_How to complete this task_
Omit every picture, then return each line of the data below exactly.
START Source data
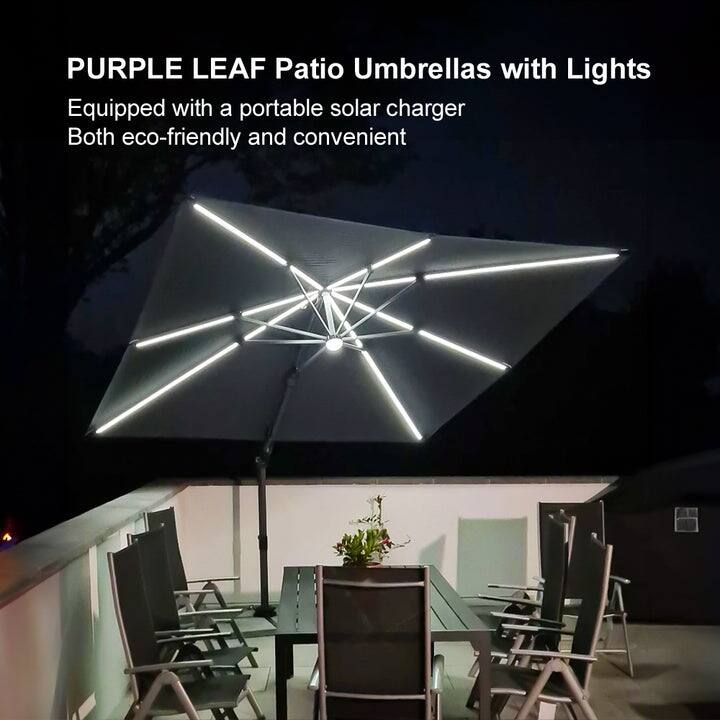 PURPLE LEAF 10 ft Solar Powered LED Patio Cantilever Umbrella with 360-degree Rotation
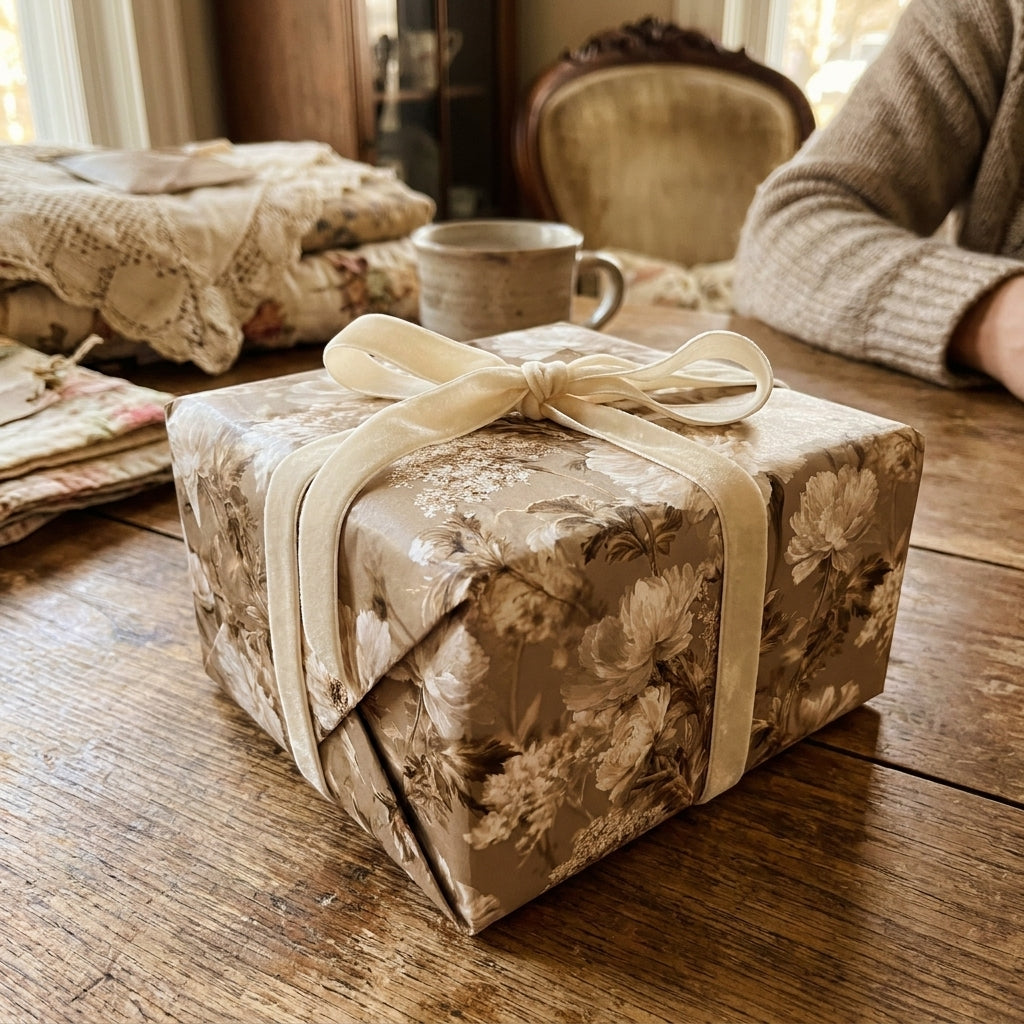 Vintage floral wrapping paper with cream velvet ribbon on a luxury gift box by Wrapped Studios.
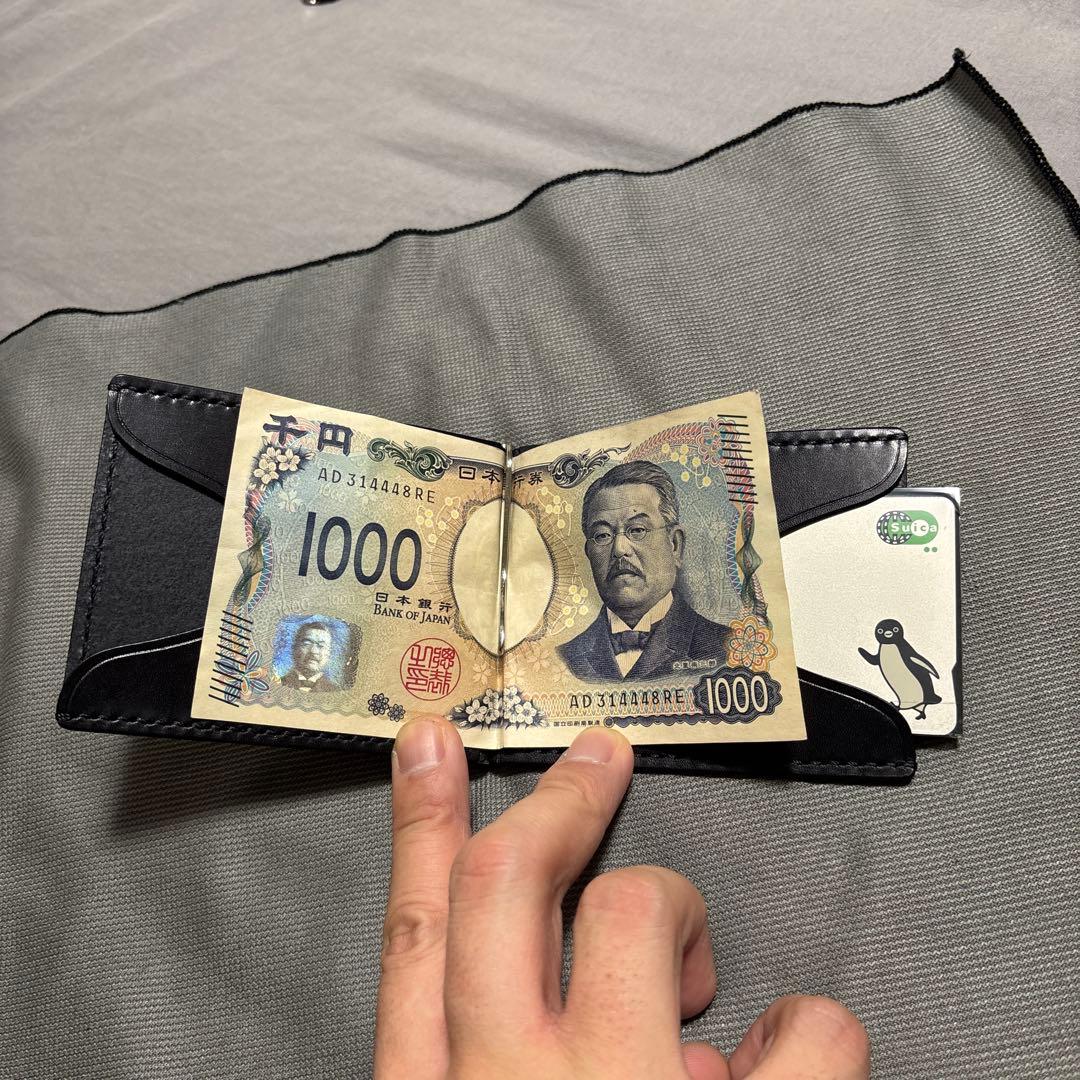 土日限定価格☆hyronworks☆ブラックレザーマネークリップ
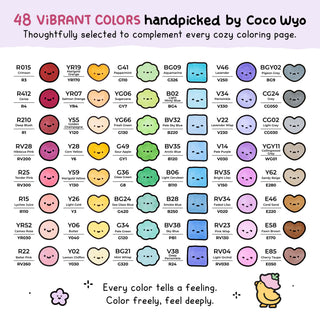 Ohuhu x Coco Wyo Cozy Mood Coloring Kit, Honolulu B 48 Colors Alcohol Markers with Brush & Fine Dual Tips, Coloring Book with Mood Tracker Pages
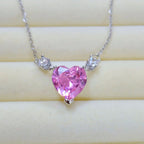 Light Luxury 925 Sterling Silver Pink Diamond Love Zircon Pendant Niche Exquisite Ladies Necklace Birthday Banquet Jewelry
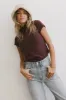 Marley Mock Neck Tee in Wine - FINAL SALE sold by bohme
END Source data
_Answer to the exercise_
 PURPLE LEAF 10 ft Solar Powered LED Patio Cantilever Umbrella with 360-degree Rotation
 Vintage floral wrapping paper with cream velvet ribbon on a luxury gift box by Wrapped Studios.
 土日限定価格☆hyronworks☆ブラックレザーマネークリップ
 Ohuhu x Coco Wyo Cozy Mood Coloring Kit, Honolulu B 48 Colors Alcohol Markers with Brush & Fine Dual Tips, Coloring Book with Mood Tracker Pages
 Light Luxury 925 Sterling Silver Pink Diamond Love Zircon Pendant Niche Exquisite Ladies Necklace Birthday Banquet Jewelry
 Marley Mock Neck Tee in Wine - FINAL SALE sold by bohme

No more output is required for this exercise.